University of Tennessee Martin Student crowned Miss Rodeo Tennessee 2017
Simone Taylor, a 20-year-old student at the University of Tennessee at Martin, was crowned 2017 Miss Rodeo Tennessee during an in-arena ceremony at the AutoZone Liberty Bowl Pro Rodeo in Memphis, TN, on Dec. 27, 2016. . She is the daughter of Chuck and Amy Taylor of Lexington, TN.
Taylor is spending this year promoting the professional rodeo industry and its parent cattle industry. She will represent the state of Tennessee in the Miss Rodeo America Pageant, held as a weeklong prelude to the Wrangler National Finals Rodeo in Las Vegas in December.
An equestrian since childhood, Taylor grew up riding a pony and learned to appreciate winning on horseback. Her grandparents showed American Quarter Horses and won at the All American Quarter Horse Congress Show. Taylor took up barrel racing in 2014 and joined the UTM rodeo team as a barrel racer in the Ozark Division.
Taylor made her first foray into rodeo royalty when she competed in and won the Miss UTM Rodeo Pageant in 2016.
Succeeding in school is a top priority for Taylor. She graduated salutatorian from Lexington High School in Lexington, TN with a 99.986 GPA. In the honors program at UTM, Taylor is double majoring in Agriculture Business and the Pre-Veterinary program.
As part of the Agriculture Business program at UTM, Taylor has acquired her Master of Beef Advocacy and enjoys promoting the relationship between rodeo and the beef cattle industry.
“Two things I love are rodeo and the cattle industry,” says Taylor. “I believe every cowgirl should be educated in both fields.

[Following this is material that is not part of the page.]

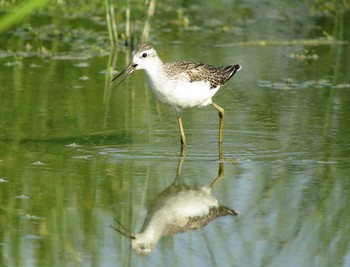 Marsh Sandpiper Unknown Spots Tue, 8/23/2016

“While attending UTM in the ag department, I have done everything from create my own business plan for a cow-calf operation to processing and castrating calves.
“These moments sparked my interest in the cattle industry, and as a rodeo queen it is my duty not only to be knowledgeable about all things rodeo but to also understand and appreciate where our food is coming from.”
When she’s not riding, Taylor enjoys reading, spending time with her dogs and working around the barn.
Miss Rodeo Tennessee National Director Sue Lynn Perry is looking forward to opportunities for Taylor in 2017. “Each titleholder brings a unique perspective and skill set to the job of Miss Rodeo Tennessee every year,” says Perry.
“Simone’s educational background in agriculture fits in nicely with the queen’s ever-expanding role as an advocate for rodeo and agriculture.”
As many state rodeo queen titleholders do, Taylor hopes to parlay her experience as Miss Rodeo Tennessee and her education into a successful career in the agricultural industry. Her dream is to qualify for the Wrangler National Finals Rodeo in barrel racing someday.